There is known a method of determining the deformation characteristics by single-axis loading of a specimen and measuring its deformation, with a thoroughly prepared specimen having the load applied to its face surfaces. The test includes measuring the deformation of the specimen and registering the corresponding load. The outcome of the test is used to determine such deformation characteristics as the modulus of elasticity and the deformation modulus.
The known method would not enable determining the deformation characteristics of a material in a structure. Moreover, the method in certain cases involves errors, such as those associated with the testing of concrete, on account of the lack of sufficient consistence of the properties of concrete in specimens and in real-life structures, caused by unavoidable differences among the conditions of placing, compacting and setting of the concrete in specimens and structures.

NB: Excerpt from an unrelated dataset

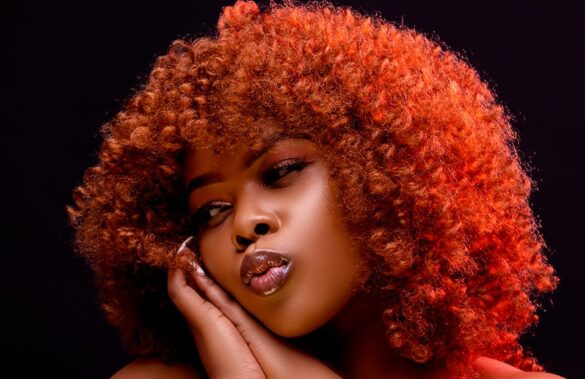 Lydia Oginga smiles durimg a past photo shoot. Photo: Lydia Oginga Source: Facebook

A method not unlike the abovementioned one is the laboratory method of studying the deformation properties of soils, called the compression method. A soil specimen taken from a test pit or hole is placed into a compression device and subjected to a load. The varying load and the accompanying variation of the height of the specimen are used to evaluate the deformation properties of the soil being tested.
However, the handling and storage of a specimen, as well as the operation of placing the specimen into the testing device more often than not alter the properties of the soil, which affects the practical value of this known method. Moreover, not every kind of soil can be sampled as a specimen retaining the natural properties of the soil, and with some soils such specimens cannot be taken altogether.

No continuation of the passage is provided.